Scraped caption text data:
= = = = =

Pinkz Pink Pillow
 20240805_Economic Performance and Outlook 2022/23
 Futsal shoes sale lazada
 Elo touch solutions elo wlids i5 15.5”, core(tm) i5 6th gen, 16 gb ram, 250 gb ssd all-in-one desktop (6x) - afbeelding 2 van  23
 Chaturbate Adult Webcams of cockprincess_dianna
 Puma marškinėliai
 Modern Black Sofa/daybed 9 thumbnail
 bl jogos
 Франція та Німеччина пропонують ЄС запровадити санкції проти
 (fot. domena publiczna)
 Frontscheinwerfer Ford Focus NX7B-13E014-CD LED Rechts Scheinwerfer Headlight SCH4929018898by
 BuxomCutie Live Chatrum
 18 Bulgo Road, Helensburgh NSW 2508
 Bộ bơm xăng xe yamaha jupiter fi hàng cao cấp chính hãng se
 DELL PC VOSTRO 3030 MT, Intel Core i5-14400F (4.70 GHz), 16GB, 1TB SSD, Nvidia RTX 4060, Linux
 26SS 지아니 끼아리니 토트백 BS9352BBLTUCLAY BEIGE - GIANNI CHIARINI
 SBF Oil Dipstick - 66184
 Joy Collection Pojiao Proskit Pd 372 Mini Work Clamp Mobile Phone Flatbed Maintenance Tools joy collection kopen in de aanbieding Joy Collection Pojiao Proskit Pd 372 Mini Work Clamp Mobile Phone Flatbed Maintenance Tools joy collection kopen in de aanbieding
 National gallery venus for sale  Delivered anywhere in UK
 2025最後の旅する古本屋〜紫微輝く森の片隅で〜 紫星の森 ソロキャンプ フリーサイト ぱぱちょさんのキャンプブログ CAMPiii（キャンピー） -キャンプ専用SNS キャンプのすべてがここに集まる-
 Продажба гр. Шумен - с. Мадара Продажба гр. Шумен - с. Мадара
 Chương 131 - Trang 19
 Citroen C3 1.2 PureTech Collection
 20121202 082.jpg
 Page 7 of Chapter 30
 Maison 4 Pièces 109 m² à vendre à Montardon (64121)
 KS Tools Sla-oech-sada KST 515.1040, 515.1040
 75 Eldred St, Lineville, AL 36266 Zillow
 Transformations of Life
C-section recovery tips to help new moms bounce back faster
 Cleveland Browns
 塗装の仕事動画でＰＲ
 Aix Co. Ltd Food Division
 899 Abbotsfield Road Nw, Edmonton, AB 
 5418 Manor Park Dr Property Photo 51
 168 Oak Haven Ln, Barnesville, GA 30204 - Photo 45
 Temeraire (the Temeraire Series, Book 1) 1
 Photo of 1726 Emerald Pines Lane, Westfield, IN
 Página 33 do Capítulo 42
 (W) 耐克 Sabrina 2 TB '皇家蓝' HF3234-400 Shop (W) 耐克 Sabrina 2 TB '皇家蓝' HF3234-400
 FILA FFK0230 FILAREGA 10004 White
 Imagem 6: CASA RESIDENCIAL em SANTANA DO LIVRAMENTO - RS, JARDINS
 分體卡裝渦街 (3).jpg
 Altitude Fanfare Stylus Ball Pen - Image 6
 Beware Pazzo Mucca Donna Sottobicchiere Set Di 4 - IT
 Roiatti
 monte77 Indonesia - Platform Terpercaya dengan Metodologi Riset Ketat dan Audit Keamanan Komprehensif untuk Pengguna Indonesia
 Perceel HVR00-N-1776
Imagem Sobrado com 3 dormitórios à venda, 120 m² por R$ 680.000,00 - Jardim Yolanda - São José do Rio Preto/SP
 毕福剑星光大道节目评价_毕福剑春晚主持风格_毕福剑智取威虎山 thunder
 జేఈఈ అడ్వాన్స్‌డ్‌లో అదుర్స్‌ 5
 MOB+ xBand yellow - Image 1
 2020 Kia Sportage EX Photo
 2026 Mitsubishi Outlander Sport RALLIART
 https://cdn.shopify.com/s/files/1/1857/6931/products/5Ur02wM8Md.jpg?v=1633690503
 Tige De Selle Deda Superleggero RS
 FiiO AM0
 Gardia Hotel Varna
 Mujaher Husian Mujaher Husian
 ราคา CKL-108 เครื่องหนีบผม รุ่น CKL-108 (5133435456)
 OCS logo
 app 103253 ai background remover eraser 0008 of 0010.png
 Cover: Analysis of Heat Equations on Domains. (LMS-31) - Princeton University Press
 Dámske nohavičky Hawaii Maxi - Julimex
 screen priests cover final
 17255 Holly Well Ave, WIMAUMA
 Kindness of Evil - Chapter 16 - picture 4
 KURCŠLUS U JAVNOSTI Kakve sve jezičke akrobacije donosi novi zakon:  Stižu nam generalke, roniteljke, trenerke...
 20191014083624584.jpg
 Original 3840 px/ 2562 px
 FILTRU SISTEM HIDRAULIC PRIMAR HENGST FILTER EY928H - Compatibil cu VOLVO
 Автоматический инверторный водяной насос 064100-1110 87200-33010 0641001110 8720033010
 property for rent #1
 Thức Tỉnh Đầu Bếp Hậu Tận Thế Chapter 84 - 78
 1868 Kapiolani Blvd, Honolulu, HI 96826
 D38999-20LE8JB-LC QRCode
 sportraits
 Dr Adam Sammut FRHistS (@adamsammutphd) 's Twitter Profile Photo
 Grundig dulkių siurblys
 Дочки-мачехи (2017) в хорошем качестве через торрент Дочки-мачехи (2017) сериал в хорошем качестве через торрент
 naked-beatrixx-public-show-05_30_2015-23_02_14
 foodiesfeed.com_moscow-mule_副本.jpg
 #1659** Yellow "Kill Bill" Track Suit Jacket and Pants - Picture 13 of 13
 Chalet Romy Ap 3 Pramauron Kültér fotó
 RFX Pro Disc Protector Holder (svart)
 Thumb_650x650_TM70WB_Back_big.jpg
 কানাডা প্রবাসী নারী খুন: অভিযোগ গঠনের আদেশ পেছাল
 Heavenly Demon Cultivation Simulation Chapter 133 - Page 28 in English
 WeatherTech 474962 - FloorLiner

= = = = =

• **Directions for this task**
Go through the entries and copy every line that has "Photo".

• **Answer to the problem**
 5418 Manor Park Dr Property Photo 51
 168 Oak Haven Ln, Barnesville, GA 30204 - Photo 45
 Photo of 1726 Emerald Pines Lane, Westfield, IN
 2020 Kia Sportage EX Photo
 Dr Adam Sammut FRHistS (@adamsammutphd) 's Twitter Profile Photo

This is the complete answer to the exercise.